Fortunately, the book, as the title suggests is about the happier side of the story. It’s about the recovery of what was stolen, and its eventual return if possible to the original owners. The tale is a dangerous one, a heroic one, and the movie only scratches the surface. Indeed, it sometimes compresses the story too much, and of course changes the names as well. But such changes were necessary to make a good movie.
About Edsel’s research, it is clear he was very thorough. Not only does he cite primary source documents repeatedly– official documents, diaries, letters, orders etc. he backs this up with first person accounts of events, carefully footnoted. This is the way history should be written, not merely relying on second hand materials. Indeed, as his other publications show (about the rescue of art in Italy by Monuments Men) there was a huge story to be told, and one book was not enough. I would hope that history teachers in public schools would use excerpts from the movie and assign the book, as an interesting and mostly neglected angle of incidence into the study of WWII.

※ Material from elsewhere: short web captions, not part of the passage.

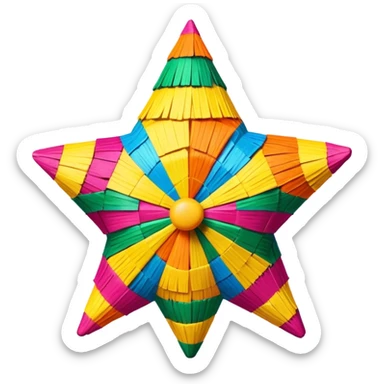 tradicional mexican star piñata  sticker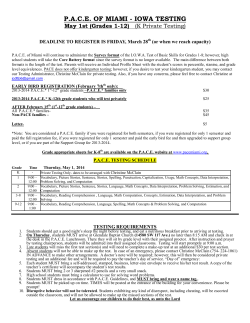 pace of miami - iowa testing - Homeschool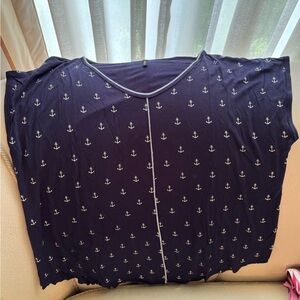 Navy Blue Anchor Print Top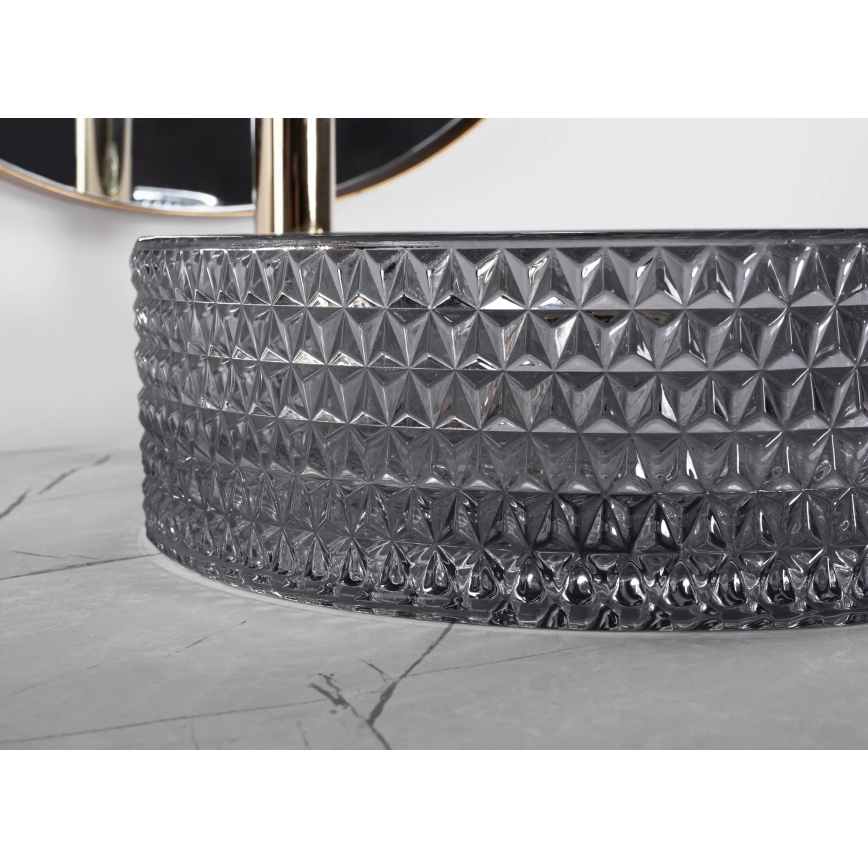 REA-U9671 - Countertop Washbasin CRISTAL Ø 35.5 cm glass/smoky grey
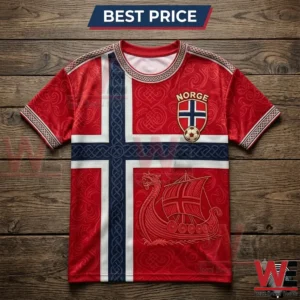 Norway flag themed sports t-shirt with Viking ship motif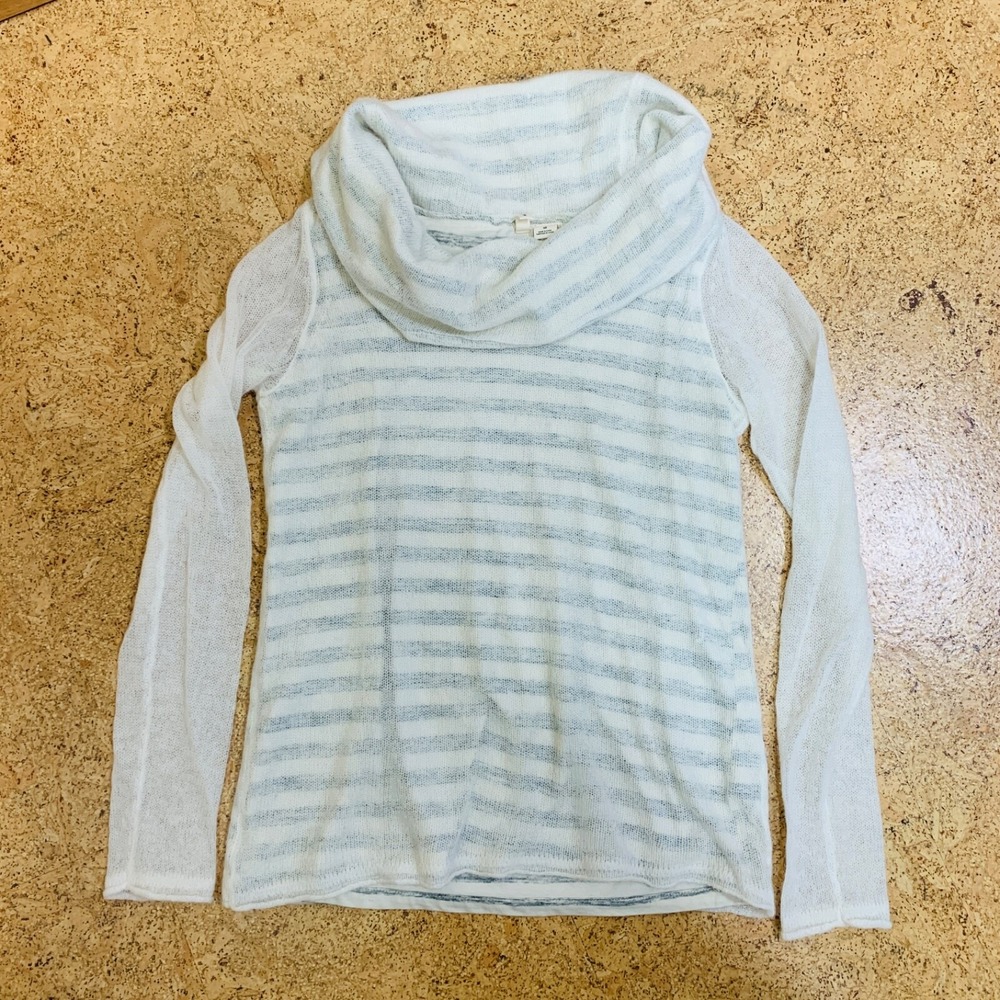 MOTH Anthropologie‎ XS Cowl Neck Sweater Pullover Ivory Stripe Alpaca Wool Blend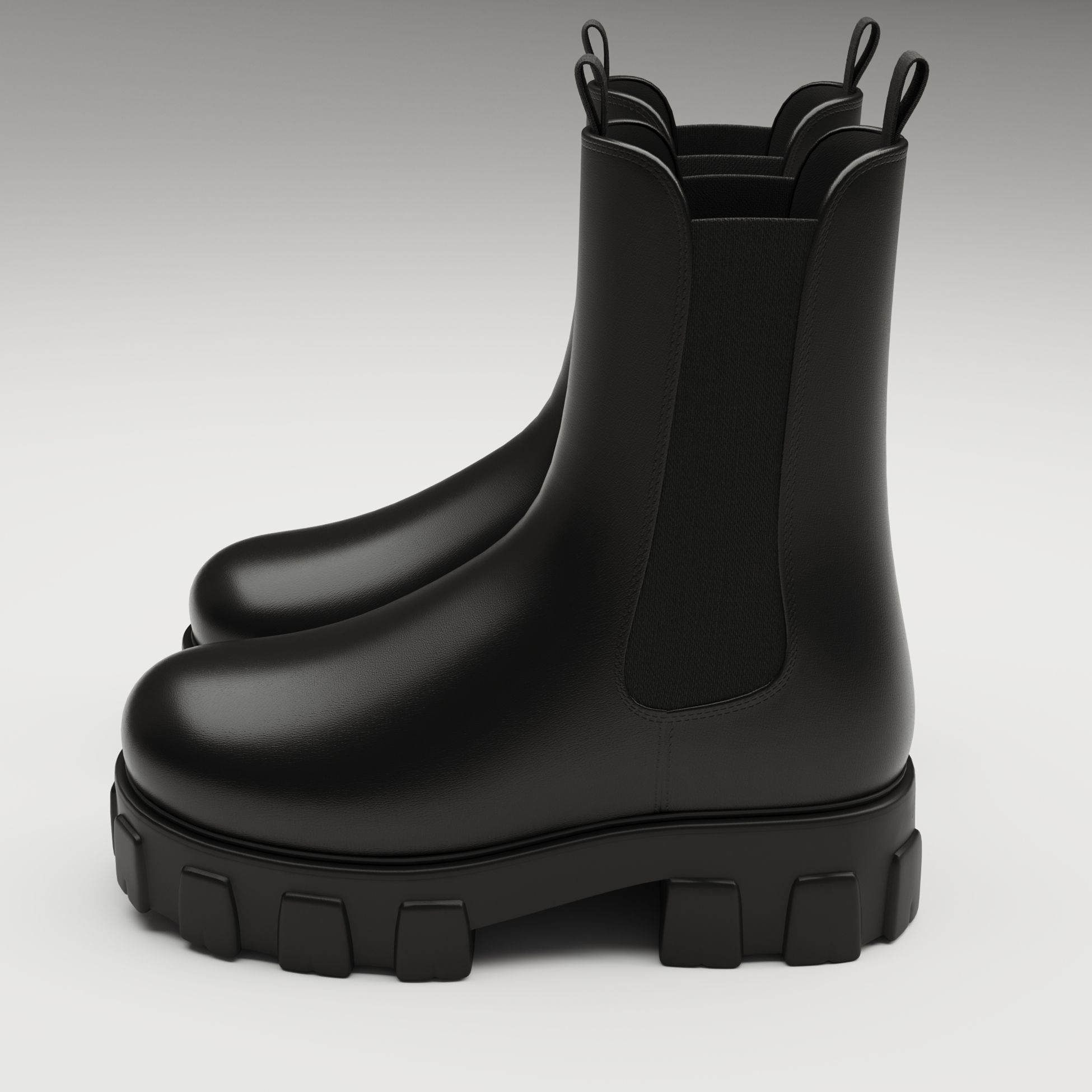 Prada monolith leather boots Low-poly 3D model_5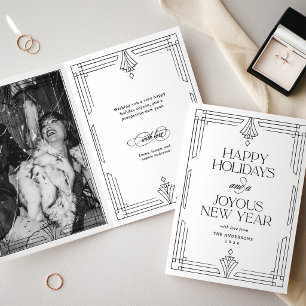 Cartes Pour Fêtes Annuelles Black and White Modern Deco Joyeuses Fêtes Photo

The word of George Stout played by George Clooney that strikes home most clearly is this— “you can burn a person village down, kill their relatives, and leave only smoldering ash, but if you steal their accomplishments, their achievements, their art, you have stolen their history, and it is as if they never existed”. Full marks to the U.S. Army’s insistence that this should happen to our European friends. The work of the Monuments Men was nothing short of heroic. It was under-funded, under-reported, under-appreciated, and even after the war, it took a long time before the Monuments Men even began to get their due.
This book made me even prouder of my father, who fought in WWII. It made me proud to be an American, and I am not much for chest thumping. War may be hell, but sometimes little glimpses of divine and human goodness break through the clouds of darkness and evil. One of those rays of sunshine was the Monuments Men.